If you're building with a specific platform: AWS Bedrock · Azure AI · Databricks

If you're building multi-agent: MASO Integration Guide — LangGraph, AutoGen, CrewAI, AWS Bedrock patterns.

If you want to see one transaction end-to-end: Runtime Telemetry Reference — every JSON event, every threshold, every evidence artefact for a single request through the full control stack.


What You Can Do Monday Morning

  1. Map your existing infrastructure against the Infrastructure Controls to identify what you already cover and where the AI-specific gaps are.

  2. Add the Judge layer to your architecture. Pick one HIGH or CRITICAL tier system. Add an independent LLM evaluation step — even async, even sampled. The LLM-as-Judge Implementation guide has the implementation patterns.
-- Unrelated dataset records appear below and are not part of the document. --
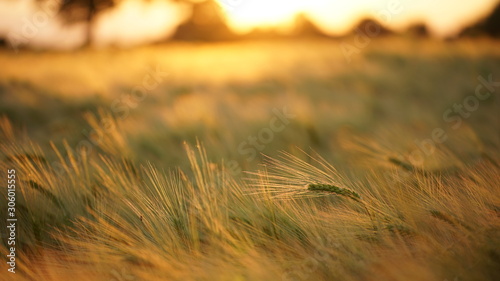 Tableau sur toile rye field at the golden sunset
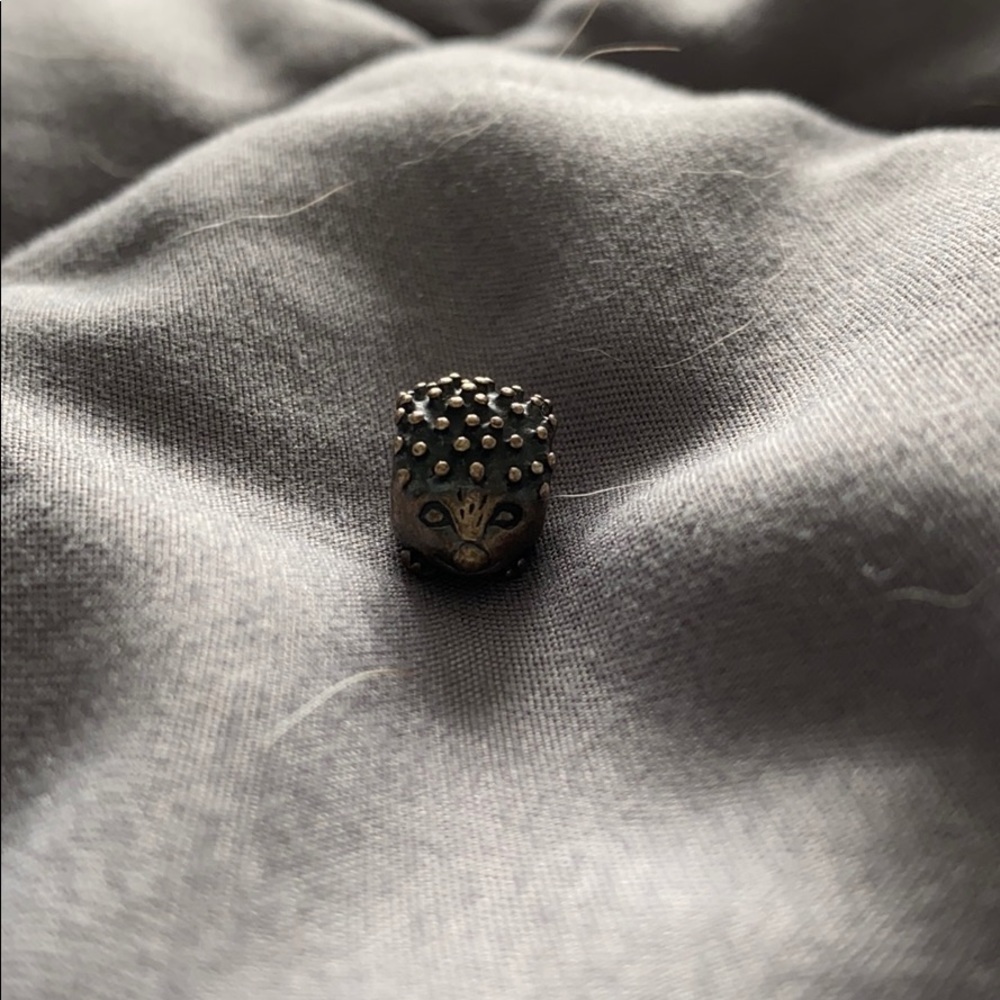 Pandora charm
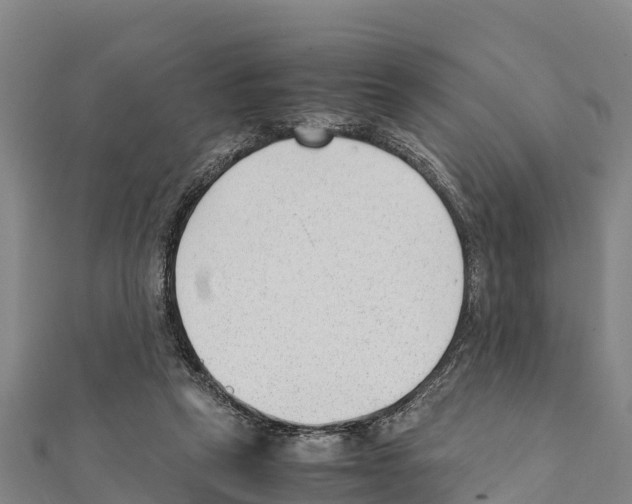 X0000111390257200908211408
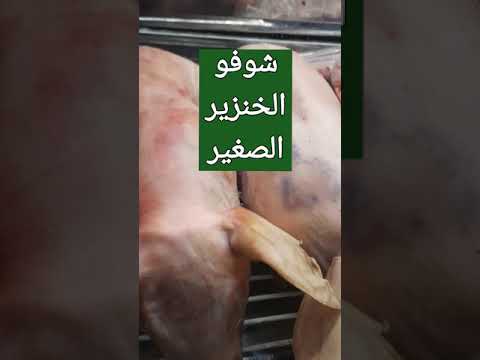 فيديو: كيف لطهي لحم الخنزير 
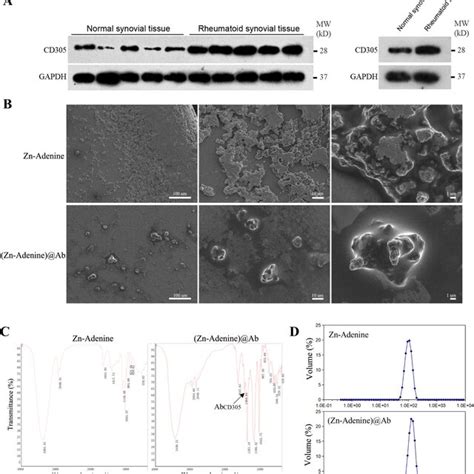 Synthesis And Characterization Of Zn Adenine And Zn Adenine Ab A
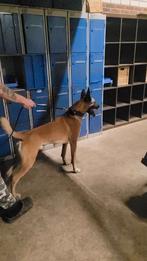 Mechelse herder, Rabiës (hondsdolheid), Reu, 1 tot 2 jaar, Eén hond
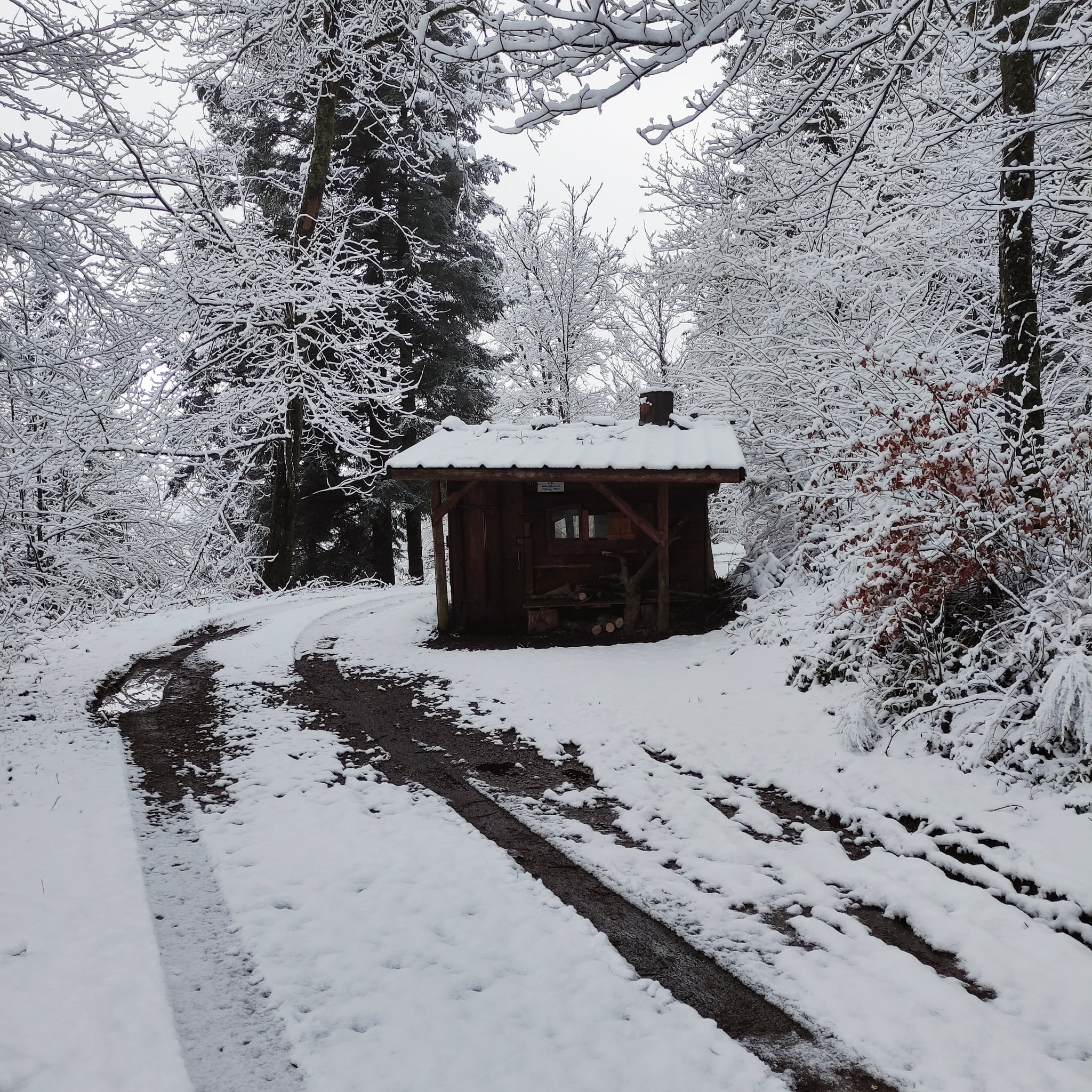 Cabane du Dersou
  3. Wire PACE health checks. Add circuit breakers for your guardrail and Judge services. Define what the system does when each is unavailable. Test the failover path.

  4. Scope your agent's permissions. If you have an agentic system, classify every tool by action type (read / write / irreversible) and add confirmation gates for write and irreversible actions. See Agentic Controls.

  5. Budget the evaluation layer. Use the Cost & Latency analysis to present the cost of the Judge layer vs. the cost of the incidents it prevents. The Risk Assessment gives you the incident frequency numbers.


Common Objections — With Answers

"Adding a Judge layer doubles our latency." Only if you run it synchronously. For HIGH tier, run it async — the guardrails provide real-time protection while the Judge evaluates in the background. Only CRITICAL tier needs synchronous Judge evaluation. Budget ~10ms for guardrails, not seconds.

"We're using [vendor]'s built-in guardrails. That's enough." Vendor guardrails are your first layer. The framework's three-layer pattern adds an independent evaluation layer (different model, different detection approach) and human oversight. Single-layer controls have a ~10% miss rate. Three layers compound to ~0.01%. Why Guardrails Aren't Enough.

"Our RAG pipeline grounds the model — it won't hallucinate." RAG reduces but doesn't eliminate hallucination. More importantly, RAG creates a new attack surface: poisoned documents in your retrieval corpus become instructions to the model. RAG Is Your Biggest Attack Surface.

"The infrastructure team handles security, not us." Infrastructure handles network, identity, and data-at-rest. Nobody handles the AI-specific controls (semantic evaluation, injection detection, decision chain audit, agent credential scoping) unless you design them into the pipeline. That's your job.


AI Runtime Behaviour Security, 2026 (Jonathan Gill).